— Input material —
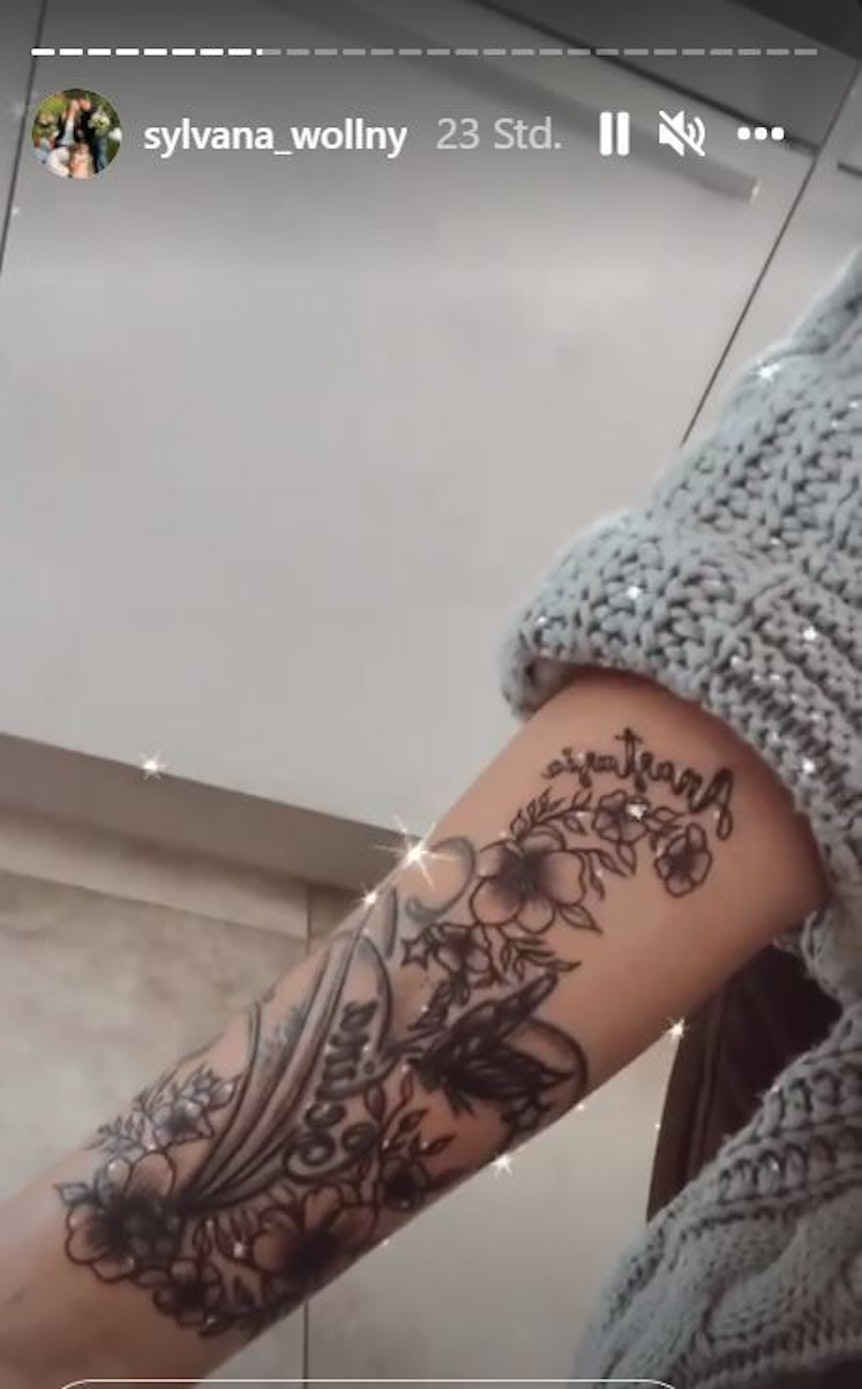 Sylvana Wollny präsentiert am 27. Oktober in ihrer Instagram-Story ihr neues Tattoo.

--

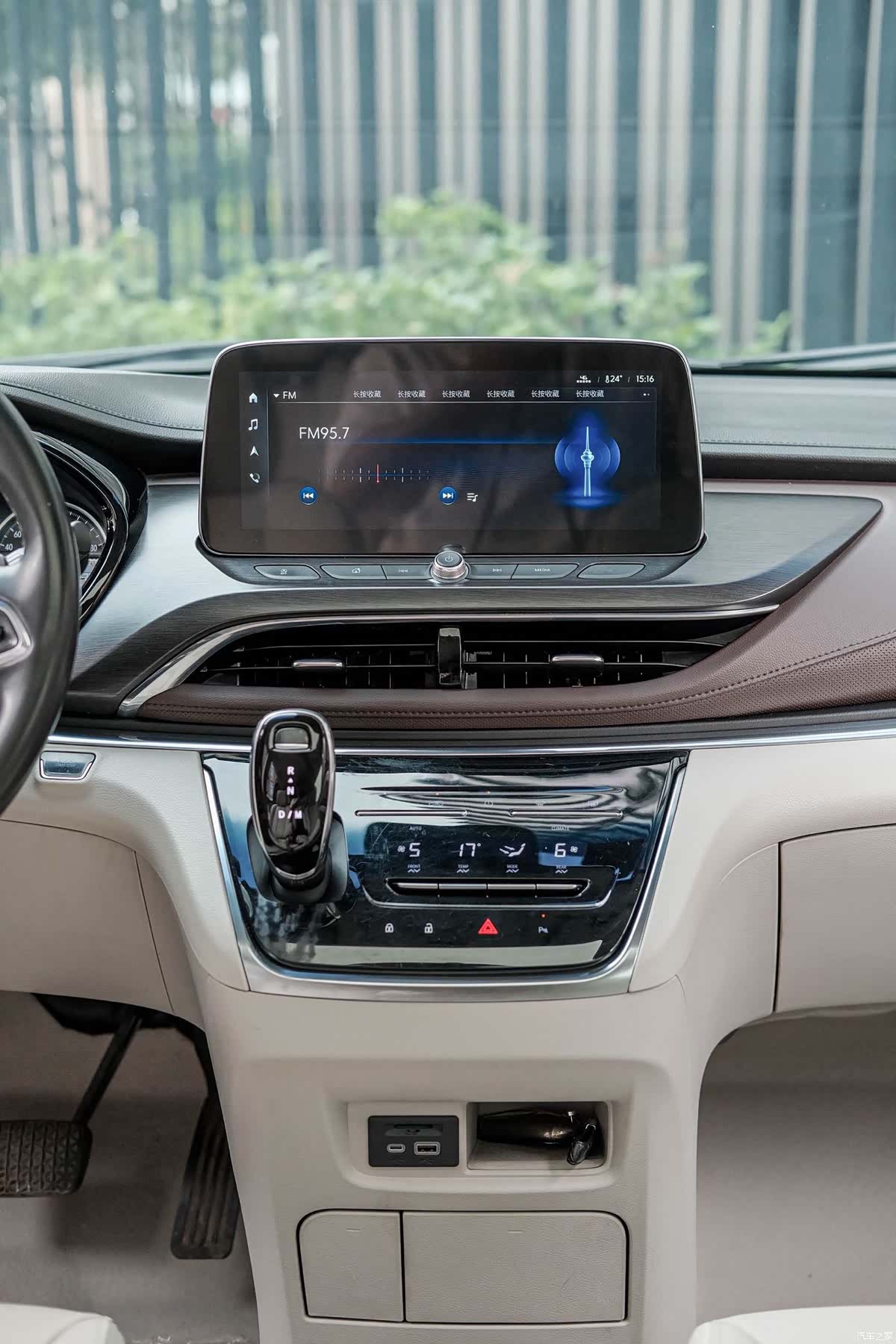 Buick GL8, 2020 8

---

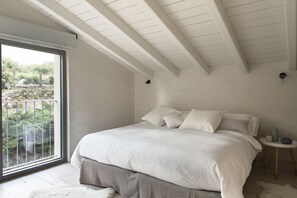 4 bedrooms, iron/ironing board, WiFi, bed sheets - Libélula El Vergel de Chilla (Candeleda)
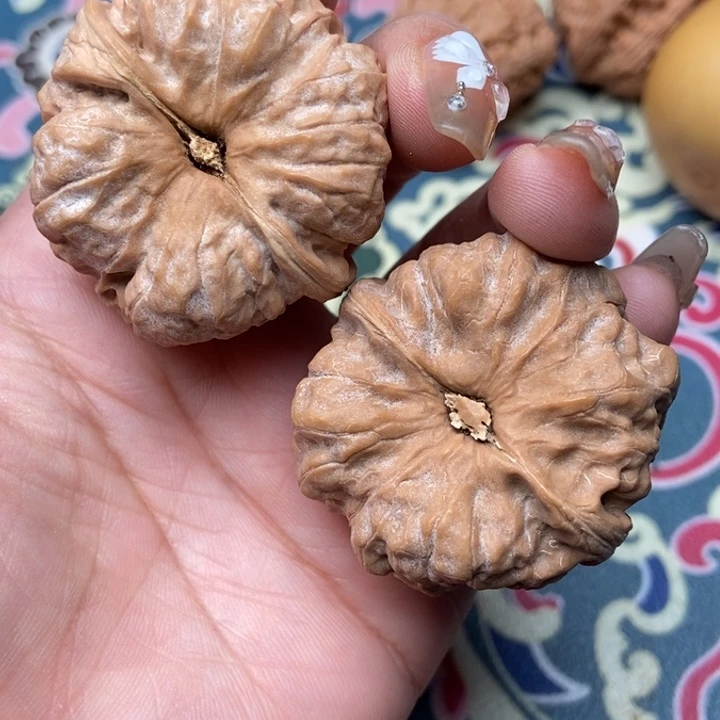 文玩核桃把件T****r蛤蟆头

— Instructions to follow —
Nothing but the lines from the one containing "4 bedrooms, iron/ironing" through the one containing "文玩核桃把件T****r蛤蟆头" should appear, copied exactly from the material above and without pictures.

— Result of this exercise —
 4 bedrooms, iron/ironing board, WiFi, bed sheets - Libélula El Vergel de Chilla (Candeleda)
 文玩核桃把件T****r蛤蟆头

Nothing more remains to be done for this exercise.